ずいぶん久しぶりになってしまい、すみません。
このところ、新型インフルエンザの感染で、特に関西は「厳戒態勢」のような感じでしたが、ここ数日、急速にマスコミなどでの扱いが小さくなってきているように思います。
「騒ぎすぎ」との声もあったり、弱毒性という事がとりあえず判明して、休校していた学校とかも次々と解除される中で、そうなったのかもしれません。
それでも感染者はまだ増えているし、まだ警戒体制は続いているのは変わらないのですが、これだけ急速にマスコミでの扱いが「下火」になると、もう大丈夫なのかと思ってしまいますが、あらためてメディアの影響力のすごさを実感します。
マスコミの扱いに左右されずに、油断なく対応しなければ。
さて、昨日、6月議会に向けての、総務厚生常任委員会がありました。
いろいろ議論したのですが、今日は、「税務共同化」の問題にしぼっての議論を紹介します。
「税務共同化」って、そもそも耳にしておられますか?
たぶん、多くの住民のみなさんはご存知ないのではと思うんです。
それもそのはずで、住民にはもちろん、議会にさえちゃんとした説明がされていないものですから当然なんです。
税務共同化というのは、いま役場がしている税務、つまり、納税者への課税や徴収の仕事を、京都市を除く府内の市町村でつくる「京都地方税機構」という広域連合でやろうというものなんです。

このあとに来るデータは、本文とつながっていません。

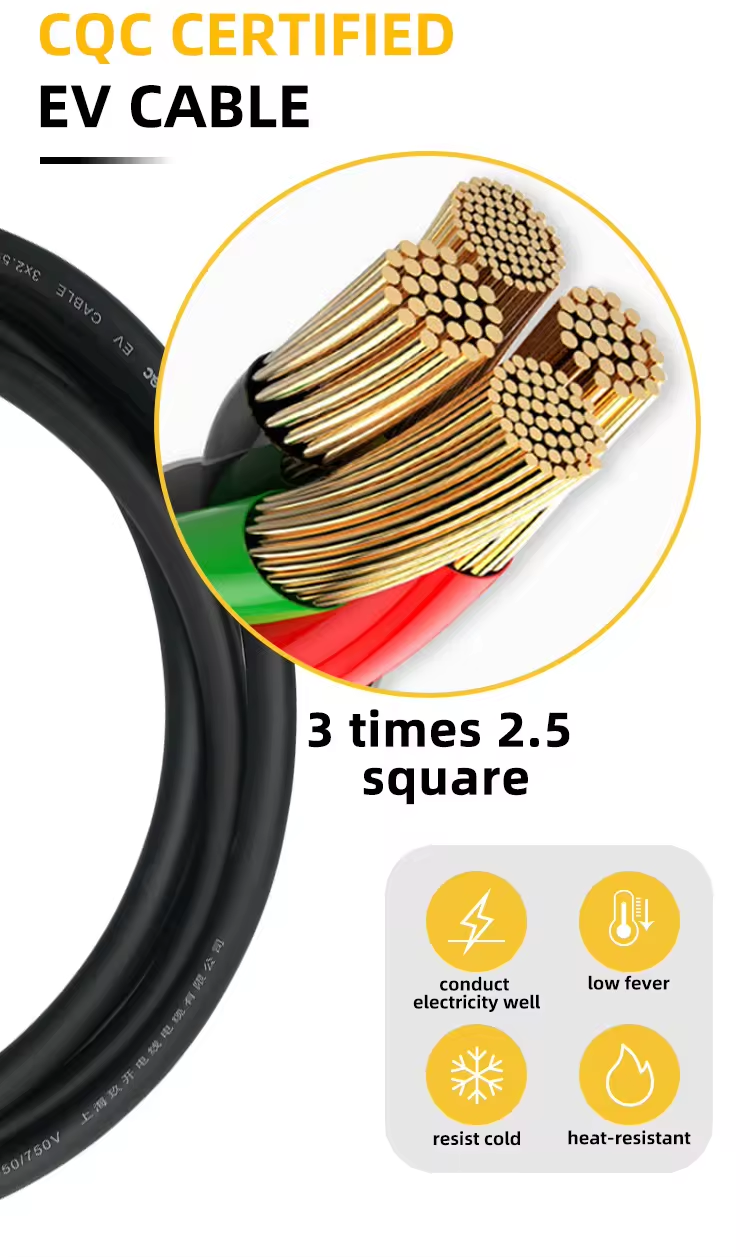 Type2 16A EV Charging 5m Connect Line 3.5kW EV Single Gun for 220V AC Input Voltage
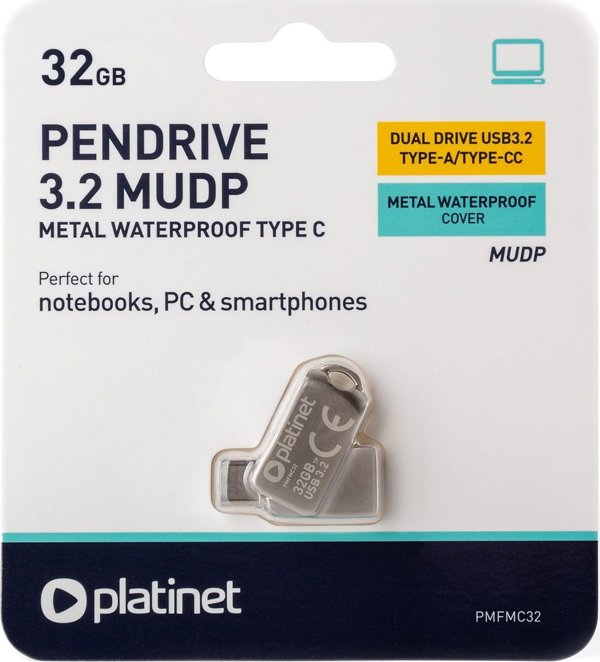 Pendrive Platinet PLATINET PENDRIVE USB 3.2 + USB-C 32GB METAL UDP ΑΔΙΑΒΡΟΧΟ [45970]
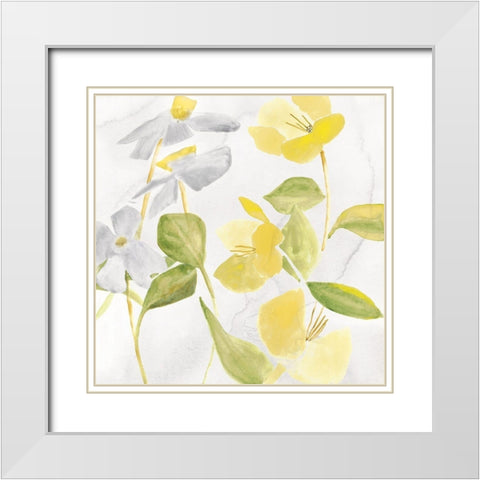 Light Bouquet I White Modern Wood Framed Art Print with Double Matting by Hendrick, Cathy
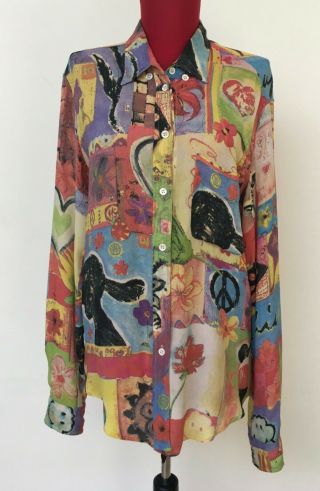 Moschino And Chic Vintage Print Blouse Size 44 / Us 10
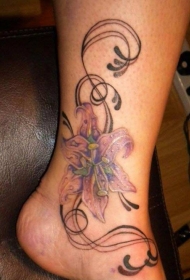 彩色的百合花与藤蔓脚踝纹身图案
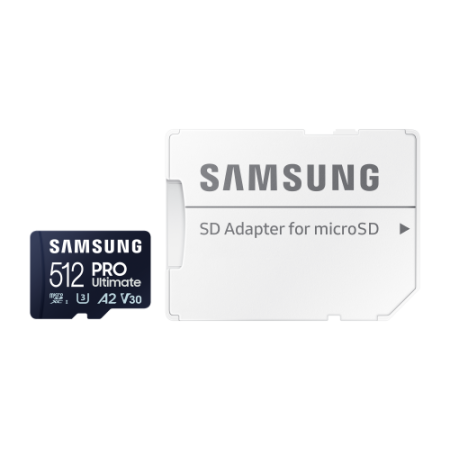 Tarjeta memoria micro sd samsung 512gb sdxc pro ultimate u3 v30 a2 + adaptador sd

広域連合を立ち上げるための「京都地方税機構」の規約が、この6月の各市町村議会に提案されようとしているのですが、詳しい中身はまだつめられてなくて、とりあえず「器」だけつくろうというものらしい。
決まっている事は、
1)連合がする仕事は、住民税と国保税の滞納分の徴収や処理
2)連合に設置される議会の定数は32人(府会議員6、宇治市議2、その他1)
3)経費の負担は、基本負担5%+人口割47.5%+税収割23.75%+滞納繰越額割23.75%で算出
4)連合の事務所は京都市内で、地方事務所が府内6か所におかれ、相楽は木津振興局内に
5)まず滞納分の徴収業務から来年1月から始める
6)連合へ各市町村から職員を派遣し、和束からは1人 などです。
昨日の委員会では、いろいろ疑問をぶつけてみました。
まず、共同化は、税金を「取る側」の都合が優先されたもので、納税者の立場に立っていないのではないか?
委員会で配布された「広域連合設立による税務共同化について」という文書の中に、「税務共同化の効果」という項目があるのですが、その中に「納税者利便性の向上」という事があげられてます。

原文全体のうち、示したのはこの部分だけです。